With your explanation and a look into the source code, I had now a
closer look to the created statuslog. The entries are almost exclusively
pointing to temporal files. Files that are created and deleted or moved
quickly afterwards. We use the statuslog now to identify directories
that need synchronization using standard rsync. That works as long as
the parent of the element to synchronize is still available, for other
cases periodical traditional rsync will be necessary.
Cheers,
Robert
Am 21.05.22 um 01:32 schrieb Andreas Dilger:
On May 20, 2022, at 06:33, Robert Redl <[email protected]> wrote:
Dear Lustre Experts,
since a few weeks we are keeping two Lustre system synchronous using
lustre_rsync. That works fine, but the statuslog file is growing. It
is currently about 500MB in size. Updating it is apparently slowing
down the whole process.
Is it only important to keep the statuslog in cases where
lustre_rsync has been interrupted? Or is it necessary to keep it
forever in order to not miss any changes.
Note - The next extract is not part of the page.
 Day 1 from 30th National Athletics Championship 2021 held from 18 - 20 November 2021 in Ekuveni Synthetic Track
It should be noted that lustre_rsync is not commonly used and only
tested in the context of an automated regression test that runs and
largely passes. It was developed originally as a proof of concept for
Lustre Changelogs, so may be missing support for newer features (e.g.
explicit file layouts, project IDs, ACLs, etc, though that *may* all
be handled by rsync). There may be unknown bugs lurking in this code,
so use with some caution (i.e. don't sync your bank transaction
records with it).
I would recommend to at least use some other tool (e.g. MPIFileUtils)
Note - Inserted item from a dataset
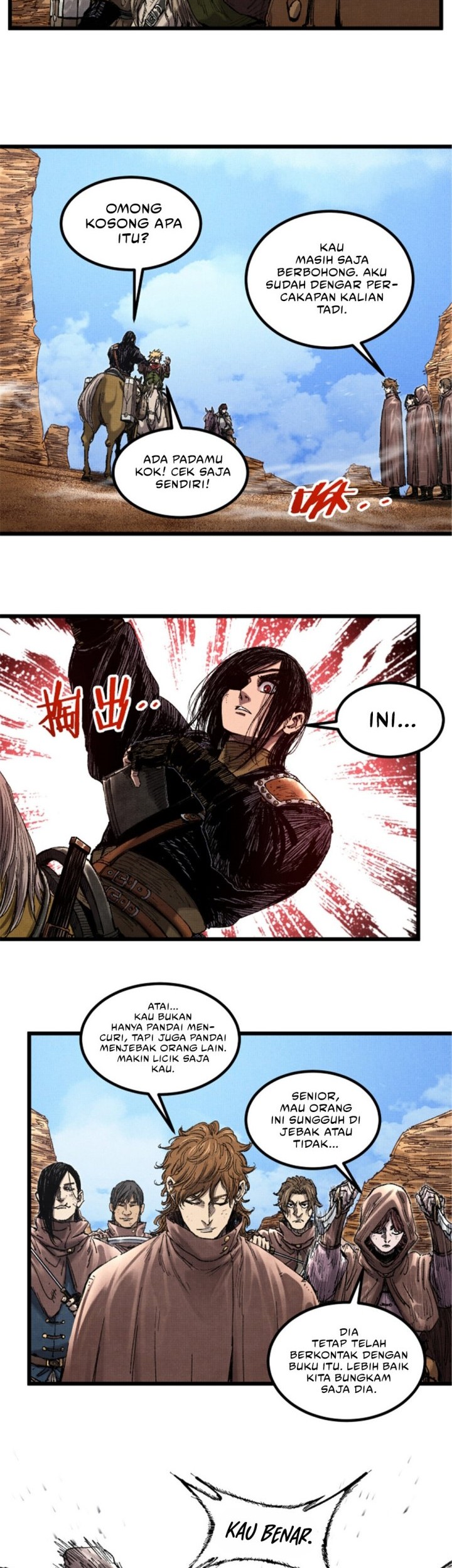Lu Bu’s Life Simulator Chapter 91 Gambar 18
to periodically do a full scan to verify that the files are being
copied over properly to the target filesystem.
Taking a quick look into the lustre_rsync.c, I see that "statuslog"
appears to be a log file of pending rename actions, or something like
that? It is backed up when lustre_rsync is started, but only to a
file <statuslog>.old. It looks like an entry is added into "parents"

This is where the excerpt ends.